Start of Data for analysis
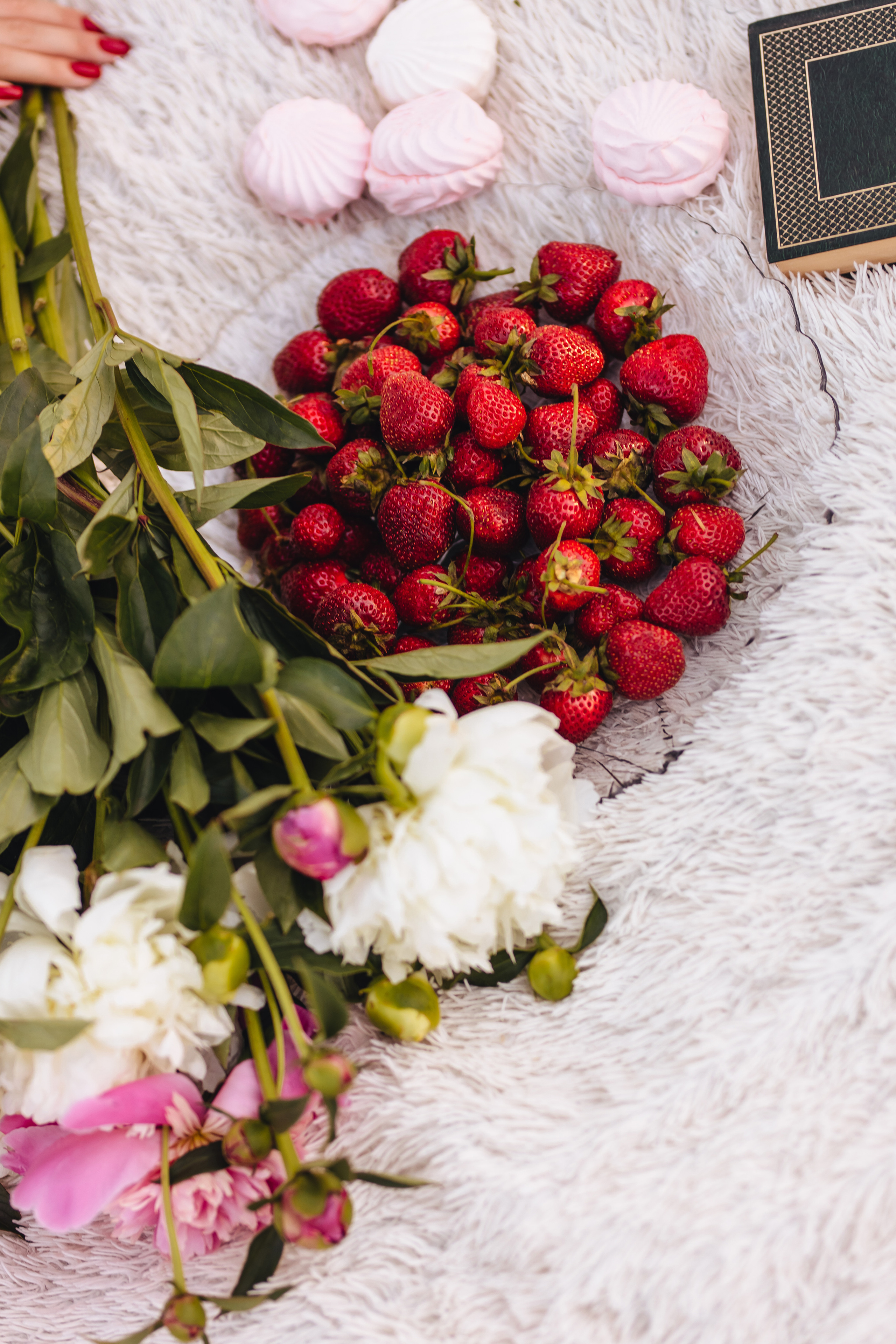 Маша в винограднике. Свадебный и семейный фотограф в Туле и области Маша Костина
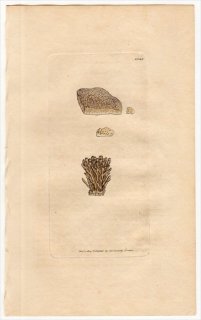 1805ǯ Sowerby English Botany  No.1541 䥯 ޥ륫ǥߥ° LICHEN corallinus 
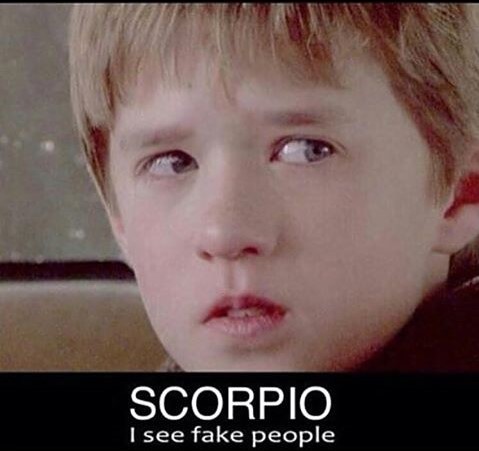 Scorpio_Factz's tweet photo. #Scorpio sees everything. 👀 https://t.co/ynr89IvrpD
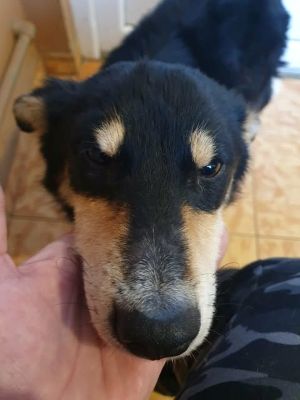 597310442 25448025351504718 81491535949266186 n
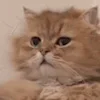 😐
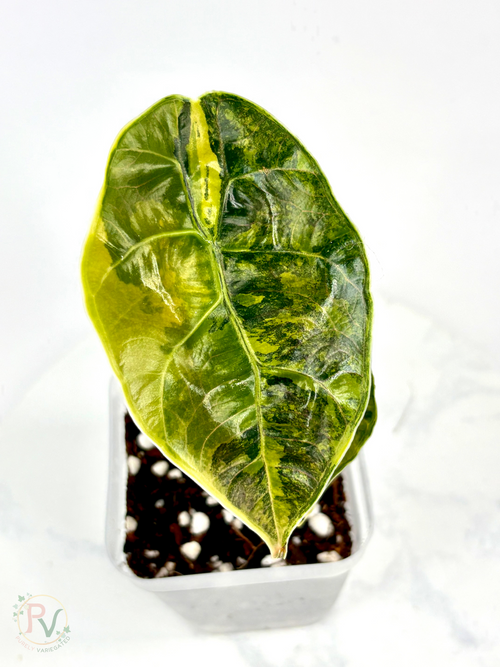 Azlanii Aurea Alocasia - Teen Size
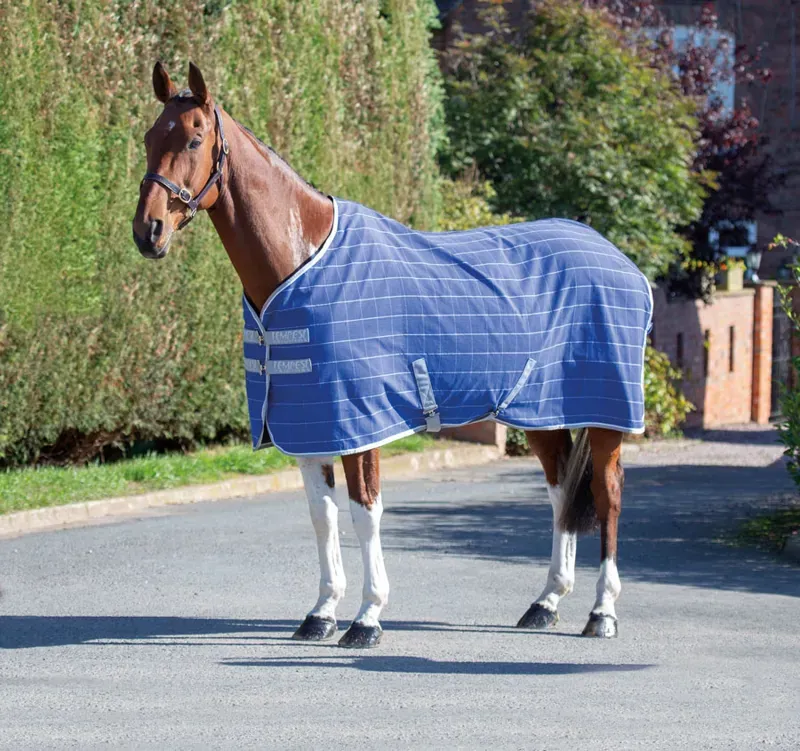 Shires Tempest Original Stable Sheet in Teal Check-3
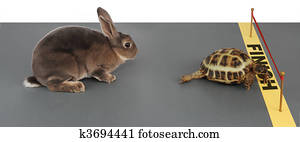 tortoise-hare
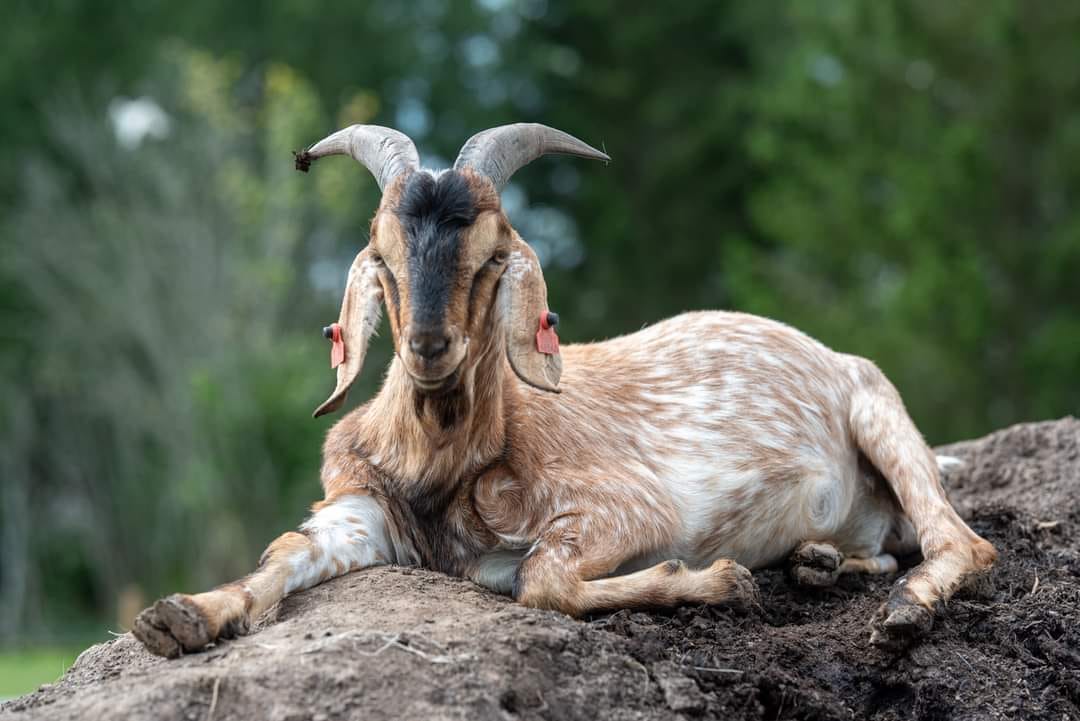 481131504 622247627218238 2619088054267024974 n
End of Data for analysis
### Required action
Your answer must be the entries written out word for word, without their pictures.

### Result of this exercise
 Маша в винограднике. Свадебный и семейный фотограф в Туле и области Маша Костина
 1805ǯ Sowerby English Botany  No.1541 䥯 ޥ륫ǥߥ° LICHEN corallinus 
 Scorpio_Factz's tweet photo. #Scorpio sees everything. 👀 https://t.co/ynr89IvrpD
 597310442 25448025351504718 81491535949266186 n
 😐
 Azlanii Aurea Alocasia - Teen Size
 Shires Tempest Original Stable Sheet in Teal Check-3
 tortoise-hare
 481131504 622247627218238 2619088054267024974 n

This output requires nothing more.